Chez Loewe, certains modèles sont réalisés en collaboration avec des artisans du Maroc, de Colombie ou d’Espagne, où la vannerie est encore vivante. Dans certaines régions, ce savoir-faire est même inscrit au patrimoine immatériel de l’Unesco. Le panier devient ainsi un objet porteur de mémoire, de territoire et de dignité artisanale.

Cet objet tressé se distingue aussi par son ancrage matériel. Il évoque le travail de la main, l’irrégularité assumée, la beauté imparfaite du fait main. Il rassure par sa simplicité, tout en s’inscrivant dans une logique de transmission. Chaque panier devient ainsi unique, et c’est sans doute cette unicité que le luxe cherche à retrouver.

Le panier reste un cabas pratique. Deux grandes silhouettes dominent: le market shopper, souvent souple et doté de poignées en cuir, et le fisherman bag, plus rigide, souvent ovoïde, celui que portait Birkin. Loewe a multiplié les déclinaisons urbaines: mini, cross-body, poignées longues. Les prix varient de 395 à 775 € (425 à 830 $), selon les modèles.

H&M & Chloé. © Ici Beyrouth

Comment le porter?

Selon la styliste Sarah Corbett-Winder, qui en possède «au moins 40», le panier va avec tout: robe vaporeuse, espadrilles, chemise oversize, pantalon en lin. L’historien Tony Glenville décrypte l’effet qu’il produit: «Il dit que vous êtes créatif·ve, que vous aimez les pique-niques et que vous avez probablement une maison à la campagne.»

À la ville comme à la plage, il se marie avec les matières naturelles: coton, toile, lin, chanvre. Le style «retour de vacances sans quitter Paris» a encore de beaux jours. Et pour les plus pointus, les paniers se mixent aujourd’hui avec des looks plus affirmés: costume fluide, blazer oversize, ou même tailleur monochrome, où ils viennent casser la rigidité par une touche artisanale.
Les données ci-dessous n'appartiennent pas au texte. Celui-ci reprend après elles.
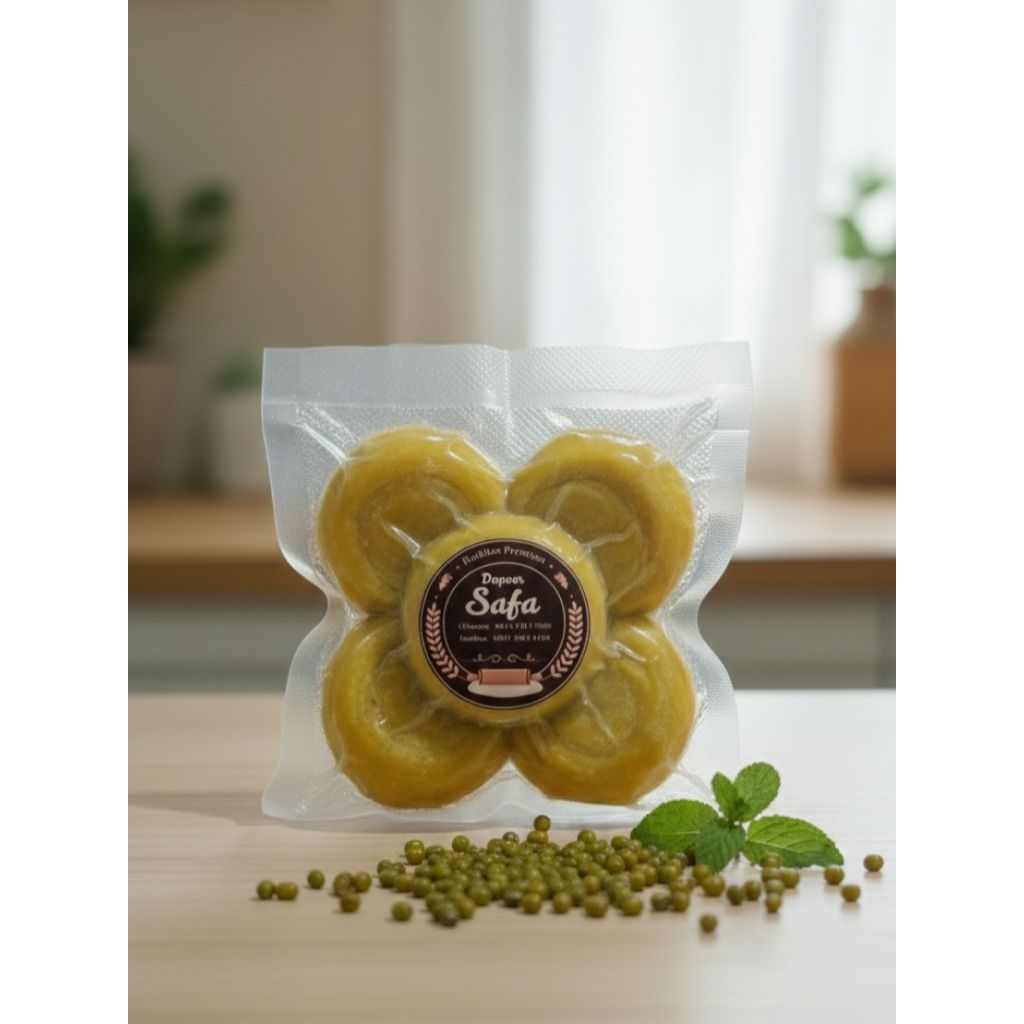 Mamol Konde Kacang Hijau - Kulit Crispy - Lembut - cemilan sehat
Certains puristes estiment que le panier est un sac d’été, point final. «On ne le sort pas après septembre ni avant Pâques», tranche Glenville. D’autres assument de le porter même en automne, en le mariant à des tons neutres et des manteaux légers. L’originalité fait le reste. En hiver, certaines influenceuses vont jusqu’à le doubler de tissu ou à l’associer à des looks en laine brute pour lui donner un supplément d’âme. Preuve que les codes peuvent toujours être réinventés.

Vanessa Bruno & Mango. © Ici Beyrouth

Si le panier Loewe atteint les 1.000 €, les marques grand public n’ont pas tardé à réagir. Mango, Zara, M&S ou New Look proposent des modèles entre 50 et 150 € (55 à 160 $). Le panier M&S à 45 £ (≈ 49 € / 53 $) a même été surnommé «le dupe parfait» du Loewe à 450 £, preuve qu’on peut flirter avec le style sans vider son compte.

Le panier, né dans les champs et adopté par les icônes, s’offre aujourd’hui une nouvelle vie dans la haute couture. Il conjugue élégance discrète, conscience artisanale et liberté de ton. Chaque été, il revient sans forcer, comme une évidence. Un accessoire, oui, mais porteur d’un monde.